Keyakinan saya tentang paham neolib yang dimiliki Dahlan terkonfirmasi ketika beliau menulis sebuah artikel di blognya yang isinya menyarankan pembongkaran jaringan rel kereta api di Indonesia dan menggantinya dengan jalan tol.

Kereta api adalah moda transportasi yang irit BBM dan murah pemeliharaannya, tidak menarik bagi para kapitalis penguasa bisnis minyak dan kontruksi. Tidak heran jika kereta api pernah dilarang dikembangkan di Eropa paska perang dunia II, juga di negara-negara penerima "bantuan pembangunan" Amerika. Atas tekanan Amerika dan negara-negara kapitalis lain yang berlindung di balik jubah IMF maupun Bank Dunia, pemerintah Indonesia juga sengaja membatalkan pembangunan jalur kereta api Medan-Aceh yang sebagiannya sudah dibangun sejak era kepemimpinan presiden Habibie. Kini rel-rel kereta api, lokomotif dan gerbong-gerbongnya yang masih "gress" itu mangkrak begitu saja di beberapa stasiun. Sesekali, demi menjaga agar kereta-kereta api itu tetap bisa berjalan, kereta-kereta api itu dijalankan maju mundur di sekitar stasiun.
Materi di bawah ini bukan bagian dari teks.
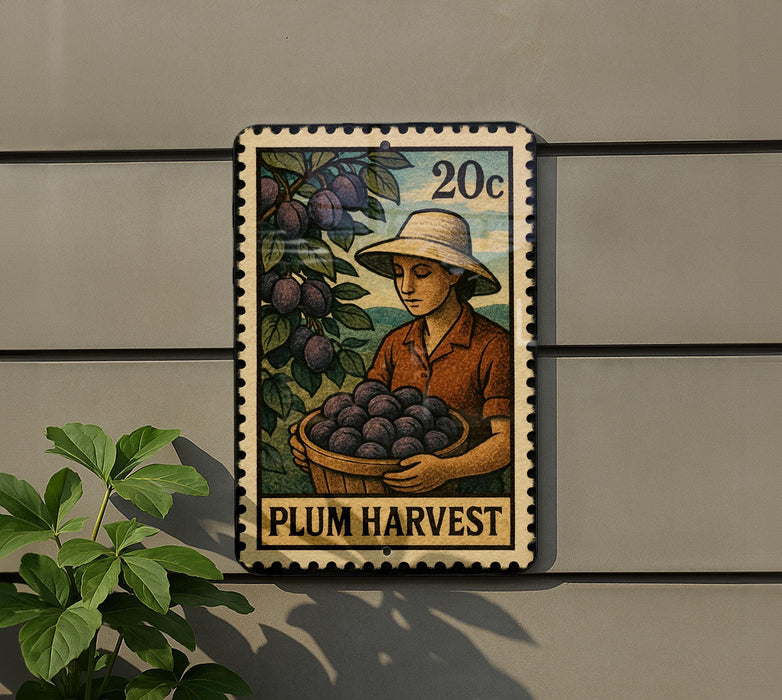 A metal stamp depicting a woman harvesting plums, with the text "PLUM HARVEST" below the illustration.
Maka ketika saya mendengar rumor tentang keterkaitan Dahlan dengan sebuah organisasi mason, saya hanya tersenyum membenarkan. Apalagi ketika mendengar berita tentang "pujian" pengusaha non-pri CPT terhadap Dahlan terkait "keberanian" Dahlan menghadapi DPR, saya juga tersenyum saja. Sebagaimana Dahlan menuji Sri Muliani, CPT pun berbuat sama dengan memuji Dahlan.

Tanpa banyak diketahui publik CPT adalah "patron"-nya  Dahlan Iskan. Pengusaha non-pri itu adalah boss-nya GP Group, perusahaan penerbitan raksasa yang memiliki 2 group media terbesar Indonesia, Jawa Pos Group dan Tempo Group. Bagi CPT tentu saja Dahlan adalah "pegawai" yang baik yang berhasil mengembangkan salah satu perusahaan miliknya. Hanya sebagai "pegawai", karena bahkan ketika Dahlan diangkat menjadi CEO Jawa Pos Group, ia hanya pemilik saham minoritas perusahaannya. Dahlan juga tidak banyak mengetahui urusan keuangan perusahaannya karena untuk tugas itu telah ditetapkan seorang direktur keuangan, yang juga non-pri, yang "mengawal" kemanapun Dahlan pergi hingga muncul rumor kurang sedap tentang hubungan keduanya. Dan sebagaimana kebanyakan pengusaha nasional terbesar lainnya, apalagi yang bergerak di bisnis media, saya percaya ada pendukung finansial asing di balik CPT.

Hari ini Dahlan Iskan, pegawainya CPT, akhirnya datang memenuhi panggilan DPR setelah sempat kucing-kucingan menghindar, untuk menjelaskan skandal kebocoran PLN senilai Rp 100 triliun (pengakuan Dahlan Iskan sendiri, meski BPK hanya menemukan kebocoran Rp 37 triliun). Namun alih-alih memberikan penjelasan, Dahlan masih berputar-putar pada hal-hal normatif. Berbeda jauh dengan temuan anggota-anggota DPR yang bahkan sangat rinci dan detil. Salah satunya adalah dugaan mark-up pembelian BBM impor yang nilainya mencapai Rp 15 triliun atau lebih dari 2 kali skandal Century. Modusnya adalah mencantumkan komponen-komponen biaya yang sebenarnya tidak ada, seperti PPn barang impor.

Terlepas dari apa yang dijelaskan Dahlan, kita mestinya sudah mengetahui jauh-jauh hari bahwa penunjukan Dahlan sebagai Dirut PLN tidak tepat, karena ia memiliki perusahaan suplier PLN sejak ia belum menjabat sebagaimana tertulis dalam cuplikan berita di atas.